Das Terror-Thema beeinträchtigt wieder die Konzentration auf die wichtigen Testspiele am Karsamstag gegen England sowie drei Tage später in München gegen Italien, auch wenn die Sicherheitslage an den heimischen Spielorten aktuell nicht als bedrohlich eingestuft wird. "Wir gehen zum gegenwärtigen Zeitpunkt nicht davon aus, dass es irgendwelche Auswirkungen auf die Spiele haben wird", sagte Löws Assistent Thomas Schneider zu den Anschlägen mit zahlreichen Toten in Belgien: "Unsere Gedanken sind bei den Opfern und Angehörigen."

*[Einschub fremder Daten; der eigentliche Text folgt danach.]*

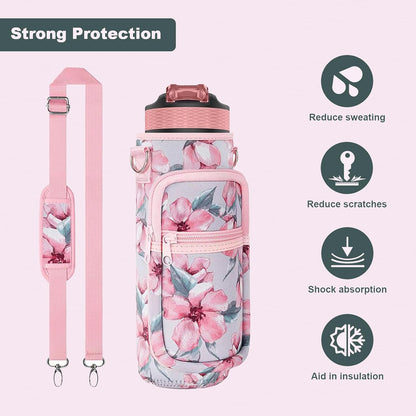 Water Bottle Holder with Strap, Insulated Crossbody Sling Bag, Carrier with Phone Pocket for Walking Hiking Camping Fishing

Das Gefühl der Unsicherheit ist kurz vor dem EM-Turnier zurück. "Ich glaube, jeder Mensch hat Angst", sagte Weltmeister Shkodran Mustafi, ohne die Situation dramatisieren zu wollen: "Man muss lernen, mit dieser Angst umzugehen." Lukas Podolski, der sich gerade erst an seinem aktuellen Wohnort Istanbul mit Bombenanschlägen und einer Spielabsage seines Vereins Galatasaray konfrontiert sah, bemerkte zur allgegenwärtigen Terrorgefahr in weiten Teilen Europas: "Man kann sich nicht verstecken, man kann nicht sein ganzes Leben ändern."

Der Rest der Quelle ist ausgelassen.